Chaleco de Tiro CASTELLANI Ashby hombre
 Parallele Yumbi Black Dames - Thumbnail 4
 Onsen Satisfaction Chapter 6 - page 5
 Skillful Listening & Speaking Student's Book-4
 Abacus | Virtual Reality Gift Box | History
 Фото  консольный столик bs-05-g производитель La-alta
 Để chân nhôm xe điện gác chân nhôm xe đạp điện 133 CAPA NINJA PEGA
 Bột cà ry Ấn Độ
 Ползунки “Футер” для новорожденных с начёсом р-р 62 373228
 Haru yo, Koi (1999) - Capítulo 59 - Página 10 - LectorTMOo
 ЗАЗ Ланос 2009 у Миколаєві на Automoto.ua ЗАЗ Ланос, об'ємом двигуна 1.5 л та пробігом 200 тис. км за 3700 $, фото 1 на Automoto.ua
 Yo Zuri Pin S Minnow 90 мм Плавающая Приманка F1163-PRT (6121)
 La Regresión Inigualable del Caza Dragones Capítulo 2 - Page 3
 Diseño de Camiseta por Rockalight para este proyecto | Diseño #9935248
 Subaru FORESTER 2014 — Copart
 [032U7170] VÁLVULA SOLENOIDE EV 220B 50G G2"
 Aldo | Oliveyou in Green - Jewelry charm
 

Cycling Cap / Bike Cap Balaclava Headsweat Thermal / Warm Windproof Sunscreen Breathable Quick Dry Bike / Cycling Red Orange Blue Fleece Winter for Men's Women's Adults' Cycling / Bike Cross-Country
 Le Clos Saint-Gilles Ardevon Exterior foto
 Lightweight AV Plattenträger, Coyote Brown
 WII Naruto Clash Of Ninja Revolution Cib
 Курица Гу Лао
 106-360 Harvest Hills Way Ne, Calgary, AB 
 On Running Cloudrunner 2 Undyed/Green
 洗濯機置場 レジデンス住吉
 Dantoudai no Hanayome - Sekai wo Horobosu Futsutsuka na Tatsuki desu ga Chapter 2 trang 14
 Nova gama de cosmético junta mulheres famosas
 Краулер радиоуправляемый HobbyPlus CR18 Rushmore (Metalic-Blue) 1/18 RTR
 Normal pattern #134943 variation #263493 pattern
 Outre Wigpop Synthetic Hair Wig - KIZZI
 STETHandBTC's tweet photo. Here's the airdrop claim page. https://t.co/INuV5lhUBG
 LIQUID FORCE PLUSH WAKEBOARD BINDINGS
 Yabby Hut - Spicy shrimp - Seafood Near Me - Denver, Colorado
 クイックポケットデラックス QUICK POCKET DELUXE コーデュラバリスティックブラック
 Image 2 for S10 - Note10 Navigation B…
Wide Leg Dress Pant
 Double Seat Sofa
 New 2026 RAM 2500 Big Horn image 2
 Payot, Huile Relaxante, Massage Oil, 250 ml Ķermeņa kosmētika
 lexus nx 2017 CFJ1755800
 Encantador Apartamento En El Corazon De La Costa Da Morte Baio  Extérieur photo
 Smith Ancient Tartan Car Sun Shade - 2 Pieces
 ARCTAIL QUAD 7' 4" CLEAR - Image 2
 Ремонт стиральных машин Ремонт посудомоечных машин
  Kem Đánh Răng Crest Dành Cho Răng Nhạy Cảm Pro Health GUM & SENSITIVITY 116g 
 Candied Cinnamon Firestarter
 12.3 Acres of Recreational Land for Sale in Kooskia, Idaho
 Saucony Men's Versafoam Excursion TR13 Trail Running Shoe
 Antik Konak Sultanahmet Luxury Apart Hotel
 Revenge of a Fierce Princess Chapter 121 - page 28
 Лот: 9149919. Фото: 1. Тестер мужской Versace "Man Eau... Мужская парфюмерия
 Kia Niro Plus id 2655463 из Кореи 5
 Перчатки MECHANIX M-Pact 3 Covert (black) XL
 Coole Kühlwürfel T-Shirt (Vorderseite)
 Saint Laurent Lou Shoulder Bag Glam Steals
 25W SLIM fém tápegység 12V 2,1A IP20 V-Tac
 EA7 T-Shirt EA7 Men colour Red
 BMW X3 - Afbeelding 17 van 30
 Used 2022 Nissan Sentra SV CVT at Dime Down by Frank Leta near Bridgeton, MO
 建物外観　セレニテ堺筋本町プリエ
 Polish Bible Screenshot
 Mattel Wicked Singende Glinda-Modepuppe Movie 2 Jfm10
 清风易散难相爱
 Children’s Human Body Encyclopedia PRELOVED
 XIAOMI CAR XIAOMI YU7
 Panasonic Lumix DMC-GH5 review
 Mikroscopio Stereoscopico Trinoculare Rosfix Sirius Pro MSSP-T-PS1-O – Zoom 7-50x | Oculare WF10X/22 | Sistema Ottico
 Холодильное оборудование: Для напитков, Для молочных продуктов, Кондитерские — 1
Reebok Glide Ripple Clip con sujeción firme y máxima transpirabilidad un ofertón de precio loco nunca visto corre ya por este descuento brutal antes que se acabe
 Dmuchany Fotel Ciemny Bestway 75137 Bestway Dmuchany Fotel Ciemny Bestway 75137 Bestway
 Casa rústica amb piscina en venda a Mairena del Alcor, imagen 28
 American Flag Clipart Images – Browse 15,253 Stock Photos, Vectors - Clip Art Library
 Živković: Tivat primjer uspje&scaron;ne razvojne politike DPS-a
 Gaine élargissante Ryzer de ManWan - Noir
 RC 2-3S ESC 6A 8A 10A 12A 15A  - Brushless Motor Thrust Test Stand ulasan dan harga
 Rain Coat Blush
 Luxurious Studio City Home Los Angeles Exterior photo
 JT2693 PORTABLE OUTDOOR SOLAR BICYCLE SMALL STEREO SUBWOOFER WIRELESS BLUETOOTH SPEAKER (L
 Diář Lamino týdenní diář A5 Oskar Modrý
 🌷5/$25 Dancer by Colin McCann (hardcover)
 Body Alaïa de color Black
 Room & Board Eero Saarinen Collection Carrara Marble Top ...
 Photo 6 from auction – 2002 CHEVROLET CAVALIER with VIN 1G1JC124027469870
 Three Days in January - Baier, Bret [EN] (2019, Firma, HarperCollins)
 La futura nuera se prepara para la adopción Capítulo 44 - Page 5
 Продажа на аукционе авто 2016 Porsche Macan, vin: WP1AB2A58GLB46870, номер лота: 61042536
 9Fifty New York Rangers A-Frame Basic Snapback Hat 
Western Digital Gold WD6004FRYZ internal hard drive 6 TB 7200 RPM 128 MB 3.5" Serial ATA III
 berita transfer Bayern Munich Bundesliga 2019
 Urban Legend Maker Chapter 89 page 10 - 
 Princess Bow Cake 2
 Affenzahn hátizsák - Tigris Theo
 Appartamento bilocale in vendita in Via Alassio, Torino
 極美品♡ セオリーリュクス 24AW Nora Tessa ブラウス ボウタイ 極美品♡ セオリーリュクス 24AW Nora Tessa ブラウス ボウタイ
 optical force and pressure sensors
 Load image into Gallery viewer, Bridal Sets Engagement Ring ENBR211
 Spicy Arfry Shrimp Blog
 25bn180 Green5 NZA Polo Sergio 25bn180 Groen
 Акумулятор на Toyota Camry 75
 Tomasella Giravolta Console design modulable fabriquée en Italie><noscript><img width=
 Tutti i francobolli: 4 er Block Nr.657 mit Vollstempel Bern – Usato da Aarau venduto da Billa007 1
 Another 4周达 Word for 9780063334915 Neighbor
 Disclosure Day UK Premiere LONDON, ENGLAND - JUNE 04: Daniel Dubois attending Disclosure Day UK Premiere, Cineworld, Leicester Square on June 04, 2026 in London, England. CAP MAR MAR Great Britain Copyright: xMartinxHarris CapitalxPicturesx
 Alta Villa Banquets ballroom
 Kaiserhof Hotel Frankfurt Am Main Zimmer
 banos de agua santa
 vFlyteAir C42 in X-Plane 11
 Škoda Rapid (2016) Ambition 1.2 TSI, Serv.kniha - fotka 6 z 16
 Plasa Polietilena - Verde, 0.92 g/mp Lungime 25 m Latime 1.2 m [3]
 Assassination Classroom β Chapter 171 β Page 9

● **Prompt**: All lines above holding the word "Shirt" make up the answer; copy each one.

● **Finished exercise**:
 Coole Kühlwürfel T-Shirt (Vorderseite)
 EA7 T-Shirt EA7 Men colour Red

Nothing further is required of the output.